Sir Harold Wilson, primer ministro laborista del Reino Unido, era ardiente y borrachín. En su despacho de Dowing Street tenía una pequeña nevera con cinco martinis preparados para su consumo diario. Unos martinis muy españoles, porque exigía que la aceituna fuera da la marca 'El Serpis', creo yo que procedente de la provincia de Alicante. Sólo cuando debía visitar a la Reina o asistir a un acto especial, se mantenía sobrio. El Reino Unido y Venezuela negociaban sin éxito la renovación del contrato de importación de petróleo, y Sir Harold decidió tomar la iniciativa y visitar al presidente venezolano, que aceptó complacido la visita del mandatario inglés.
Durante el vuelo Londres-Caracas, sir Harold se metió entre pecho y espalda tres martinis. En la aproximación al aeropuerto caraqueño, se tomó el cuarto. La borrachera del Martini es diferente a las demás. El alcohol no se sube a la cabeza, pero sí a las rodillas. Con lamentables andares recibió la ayuda del embajador inglés que tenía cara de prisa. Los diplomáticos, cuando tienen que asistir a un evento oficial, acostumbran a tener cara de prisa.
«Señor primer ministro. La fiesta organizada en su honor en el Palacio de Miraflores por el señor presidente de la República es a las 20 horas. Y sólo tenemos una hora para cambiarse en la embajada y llegar a tiempo. Wilson, locuaz y sonriente miró a su embajador y le dijo. «Safuto Tram, tram, tilín». Y llegaron a la embajada, en la que Sir Winston se bebió el quinto Martini. No hablaba, chapurreaba el español, y con las rodillas algo disconformes con las órdenes que da el cerebro, subieron al coche y alcanzaron el Palacio Presidencial.
A Wilson con copas, no le ganaba en intentos de seducción ni Espartaco Santoni. Por el retraso, el presidente no le aguardaba en la puerta. En el tramo del jardín que tenía que superar para saludar al mandatario venezolano, se fijó en el culo de una mujer totalmente vestida de carmesí. Al primer ministro del Gobierno de Su Majestad la Reina Isabel II, el petróleo pasó a ser un asunto secundario. Aquella mujer vestida de rojo, palmeral y digna, se convirtió en su único objetivo. La orquesta interpretaba una música pegadiza y de complicado baile, pero Wilson no detuvo sus deseos. La mujer de rojo se hallaba de espaldas y sir Harold la entró por sorpresa.

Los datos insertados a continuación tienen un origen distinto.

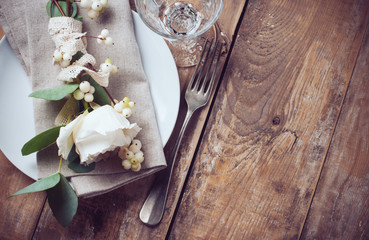 Vintage table setting with floral decorations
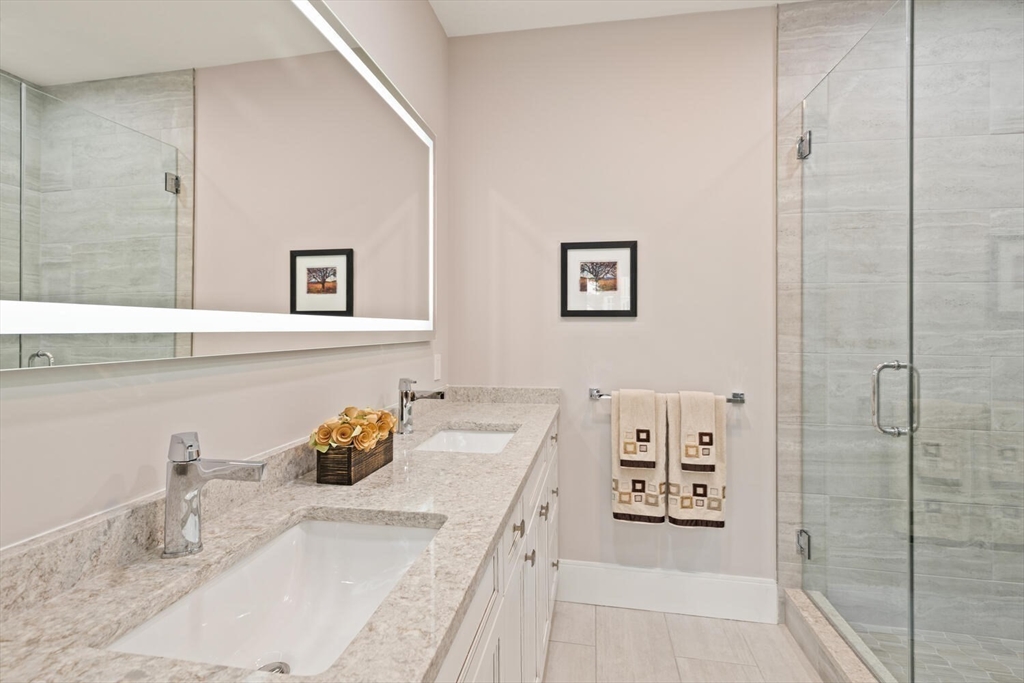 7 Whitman Street, Unit 1 Somerville, MA 02144 - Photo 24 of 35 a bathroom with a sink and a mirror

«Bella Dama de rojo. Nada me gustaría más que bailara este vals conmigo». Pero la bella dama, en lugar de sentirse halagada, sin volver la cara, despreciando al seductor y de muy malas maneras rechazó de este modo la acometida del primer ministro británico.
«Se ha equivocado usted. No acepto su invitación al baile por tres motivos. No me considero una bella dama. Lo que la orquesta interpreta no es un vals, sino el himno nacional de Venezuela. Y para colmo, soy el cardenal arzobispo de Caracas».
Un amor imposible. Al día siguiente se reunieron los dos mandatarios.
Y Wilson retornó a Londres con un ventajoso contrato, muy propio de los ingleses.
Con el tercer Martini en el vuelo de retorno, Sir Harold había olvidado a su amor imposible.